- _SOURCE MATERIAL_
= Beginning of Section =

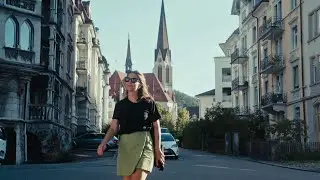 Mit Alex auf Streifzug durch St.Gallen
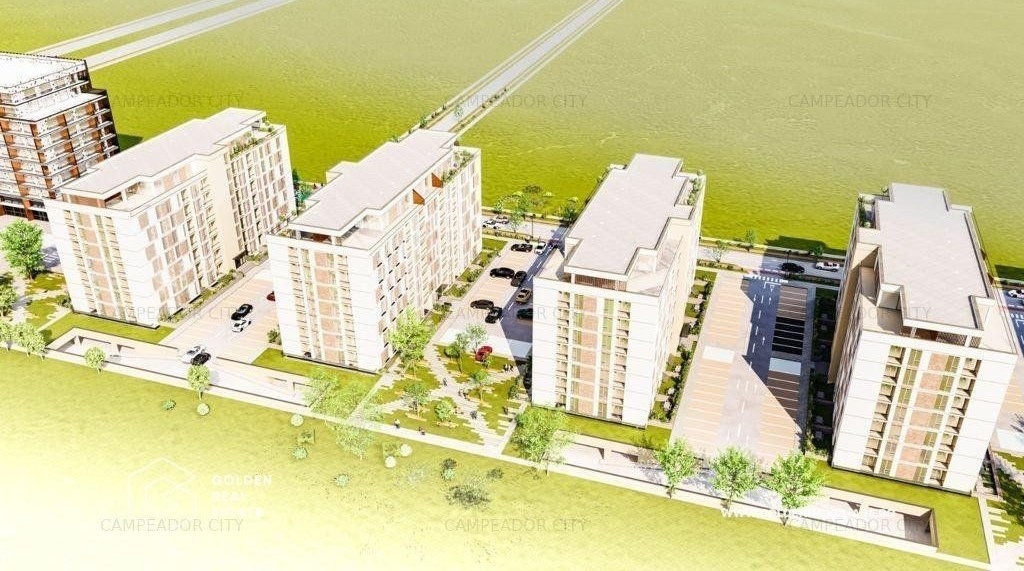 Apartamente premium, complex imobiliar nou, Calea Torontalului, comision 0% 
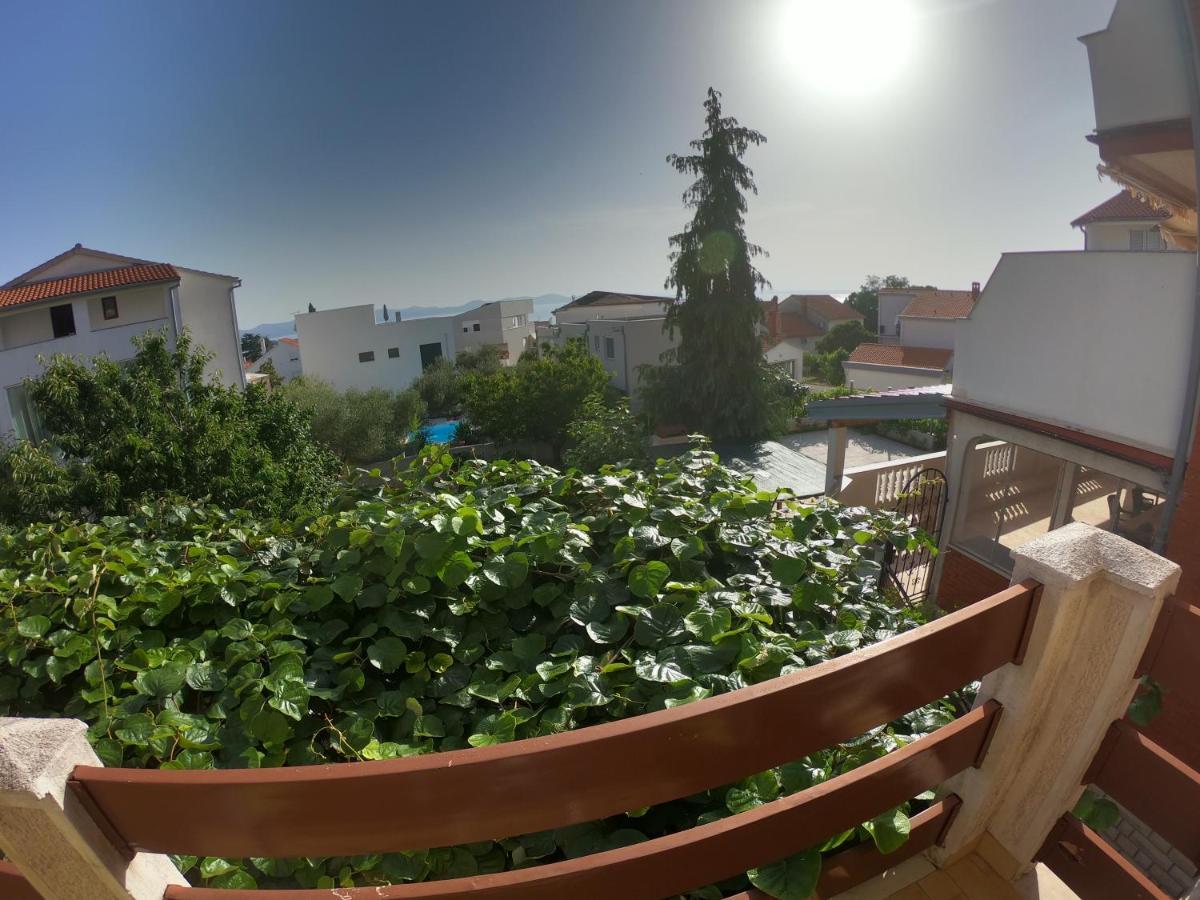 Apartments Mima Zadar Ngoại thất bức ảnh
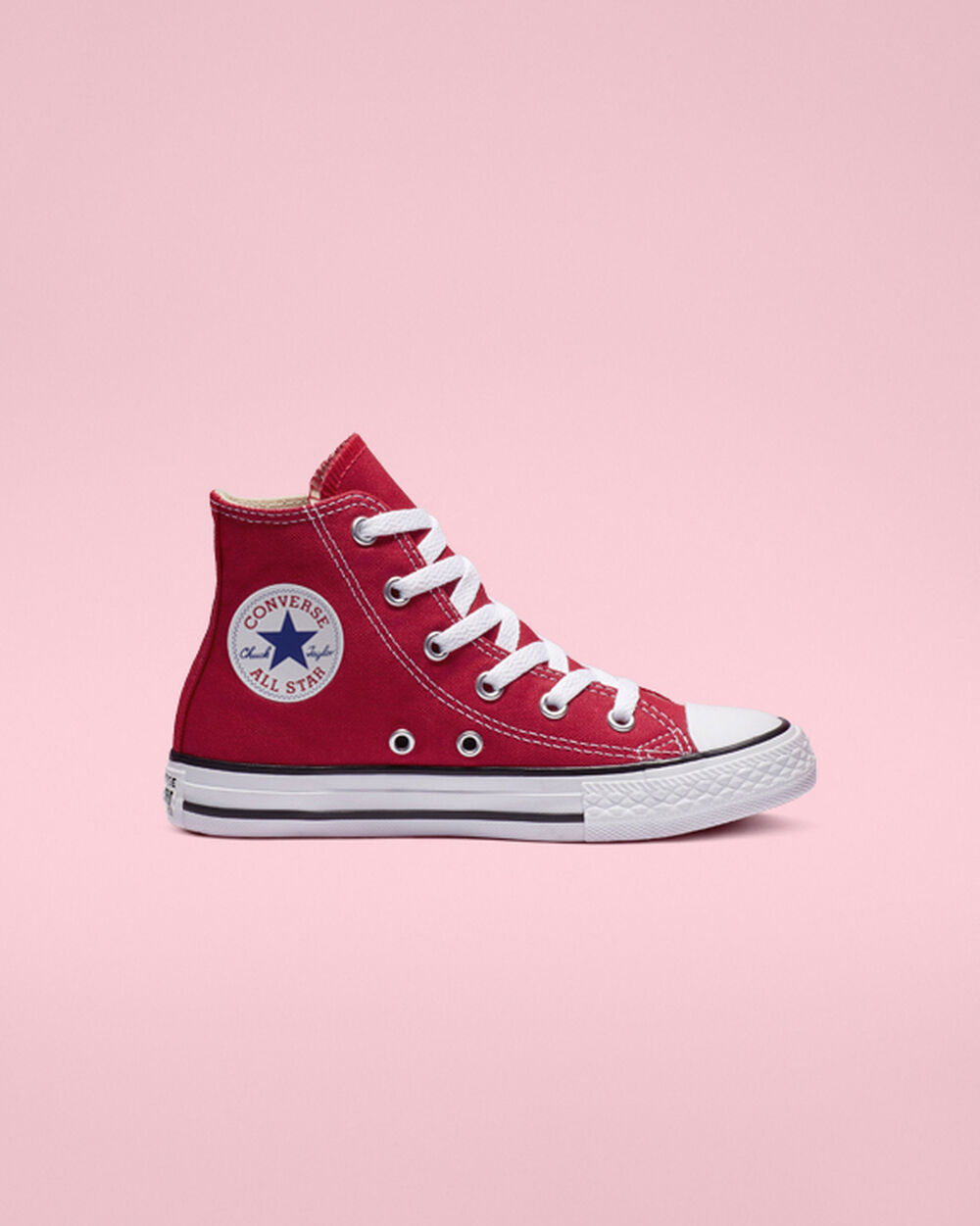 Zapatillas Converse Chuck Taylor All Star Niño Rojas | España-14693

= End of Section =
= Beginning of Section =

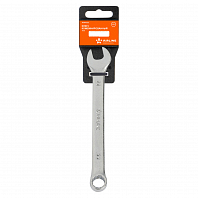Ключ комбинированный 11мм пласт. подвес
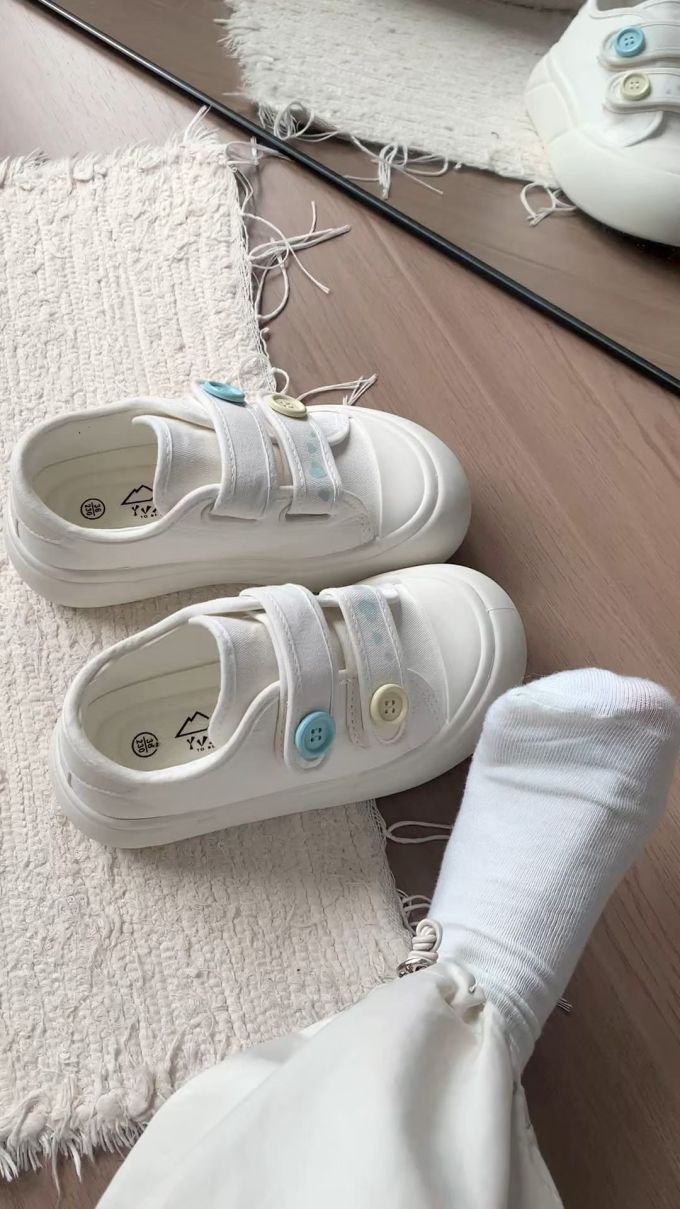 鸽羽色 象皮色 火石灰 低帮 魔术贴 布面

= End of Section =
= Beginning of Section =

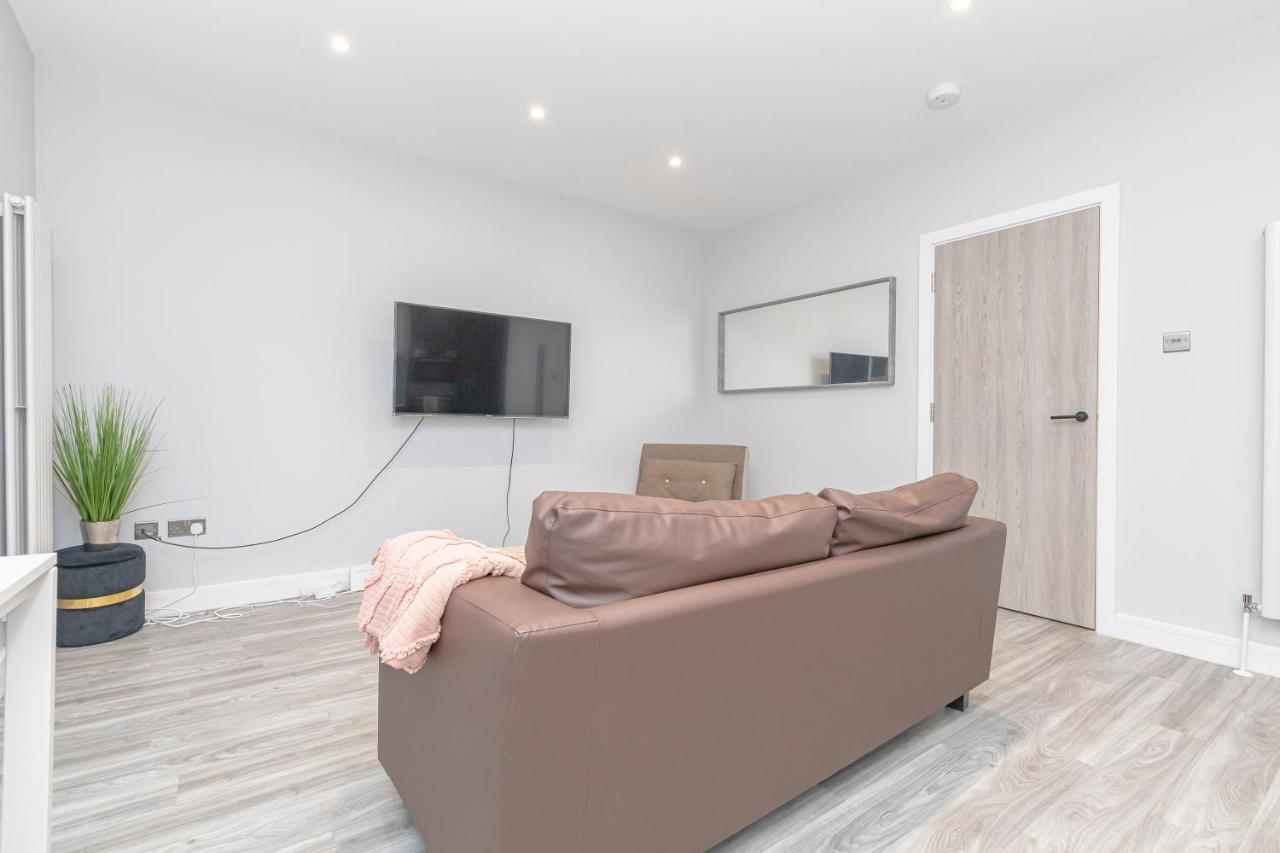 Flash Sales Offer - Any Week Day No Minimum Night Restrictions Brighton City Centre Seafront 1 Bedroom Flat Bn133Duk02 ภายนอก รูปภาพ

= End of Section =

- _EXERCISE OBJECTIVE_
The expected output is the lines above from the one containing "Apartments Mima Zadar Ngoại thất bức ảnh" to the one containing "Zapatillas Converse Chuck", both ends included, reproduced exactly with every picture left out.

- _OUTPUT OF THE EXERCISE_
 Apartments Mima Zadar Ngoại thất bức ảnh
 Zapatillas Converse Chuck Taylor All Star Niño Rojas | España-14693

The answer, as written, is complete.